Monday, September 29, 2008

Canadian Datatype flavours

For many datatypes, Lab is proposing the use of particular datatype .Flavors. which are named
constraints on datatypes. These Flavors are generally referenced directly within the pCLMN
specification. There is presently discussion within HL7 about how to represent in an instance what
Flavour of a datatype is in use (as a parallel to xsi:type which identifies the international datatype in use).
This mechanism will be used within Lab instances once defined and approved at the international level.

The mechanism for for flavours is the attribute "SpecalizationType" which shows the flavour, such as "II.PUBLIC" as a concrete type derived from the abstract "II" type.

Friday, September 26, 2008

How the HL7 tooling works

"Empty" 'required' associations collapse into mandatory booleans in the Word view. The presence of the association constitutes true, the absence constitutes false. The business intention is a boolean that indicates whether the issue will be stored or not. However in HL7, this is represented by the presence or absence of an association.

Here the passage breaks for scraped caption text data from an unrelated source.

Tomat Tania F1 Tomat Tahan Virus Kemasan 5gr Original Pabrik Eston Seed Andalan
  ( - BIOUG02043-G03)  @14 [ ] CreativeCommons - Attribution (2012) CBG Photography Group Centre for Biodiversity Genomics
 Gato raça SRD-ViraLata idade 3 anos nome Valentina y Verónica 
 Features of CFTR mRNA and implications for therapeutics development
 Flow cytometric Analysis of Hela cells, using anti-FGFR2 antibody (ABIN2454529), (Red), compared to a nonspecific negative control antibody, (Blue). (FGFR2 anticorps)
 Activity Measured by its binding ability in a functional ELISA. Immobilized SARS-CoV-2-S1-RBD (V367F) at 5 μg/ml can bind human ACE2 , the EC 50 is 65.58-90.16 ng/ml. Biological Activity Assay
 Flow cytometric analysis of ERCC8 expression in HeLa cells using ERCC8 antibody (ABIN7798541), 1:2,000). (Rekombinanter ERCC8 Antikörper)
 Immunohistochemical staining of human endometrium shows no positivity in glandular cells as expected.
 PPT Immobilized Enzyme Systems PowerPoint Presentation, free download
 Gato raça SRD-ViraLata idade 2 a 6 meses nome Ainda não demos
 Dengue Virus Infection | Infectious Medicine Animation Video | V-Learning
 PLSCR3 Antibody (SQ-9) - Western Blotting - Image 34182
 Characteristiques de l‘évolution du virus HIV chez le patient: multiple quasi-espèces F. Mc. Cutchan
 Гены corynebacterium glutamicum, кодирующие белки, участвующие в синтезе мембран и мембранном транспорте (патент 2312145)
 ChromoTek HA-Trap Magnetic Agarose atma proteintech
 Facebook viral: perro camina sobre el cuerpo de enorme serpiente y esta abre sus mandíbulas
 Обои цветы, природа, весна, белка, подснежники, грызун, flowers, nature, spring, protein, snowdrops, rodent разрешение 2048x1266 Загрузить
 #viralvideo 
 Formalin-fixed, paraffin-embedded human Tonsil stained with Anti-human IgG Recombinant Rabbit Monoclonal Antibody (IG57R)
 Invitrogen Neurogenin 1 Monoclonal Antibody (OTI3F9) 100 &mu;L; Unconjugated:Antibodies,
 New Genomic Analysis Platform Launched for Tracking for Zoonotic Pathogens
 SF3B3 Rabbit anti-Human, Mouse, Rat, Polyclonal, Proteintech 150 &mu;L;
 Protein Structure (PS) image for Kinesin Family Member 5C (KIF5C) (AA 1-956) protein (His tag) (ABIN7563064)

Wednesday, September 24, 2008

Notification messages in V3

Do notifications require an application response?
The storyboards show notifications having a response, but in fact notifications never have a receiver responsibility. It falls to transport whether you need to issue and accept acknowledgments.

Friday, September 5, 2008

MIF Schemas

The MIF files that have been published historically are MIF 1.1.

MIF 1.1 release hasn't been published for quite some time and there have been fixes to MIF 1.1 in the last 3 years. To see the most recent, you'll need to go to the source control tab to grab the most current schemas.

2.1.2 is the most current release of MIF 2. It's what is/will be used with the Instance Editor and which other tools are migrating to use. If you're building tools, I'd recommend using that release.

- From Lloyd M

Sending Fixed values – comment by Jean Duteau

In Nunavut, where they have high latency issues due to being a satellite network for internet, (and I would assume that Newfoundland might have some of these issues), the jurisdictional apps might decide that leaving out the fixed fields is a good way to reduce the size of the messages. So they might come to agreement with their POS vendors that none of them will send nor validate the fixed fields.

 
 

So I think the best we can do is the rules that I stated earlier:

 
 

Transmitters should send fixed fields for greatest compatibility.

Receivers must not error if a fixed field is not sent.

Receivers must error if a fixed field is sent and is not correct.

Transmitter and Receivers are allowed to agree on a fixed field policy that is different than above, if circumstances warrant.

 
 

Jean Duteau

Monday, September 1, 2008

A note on Z segments

Z-segments are site specific segments defined by a vendor or implementation to include information that is not otherwise included in the messages being used or, in some cases, to replace existing information in a more desirable format or structure. These segments can only be understood by other systems with a detailed implementation guide for the site or system where they were created.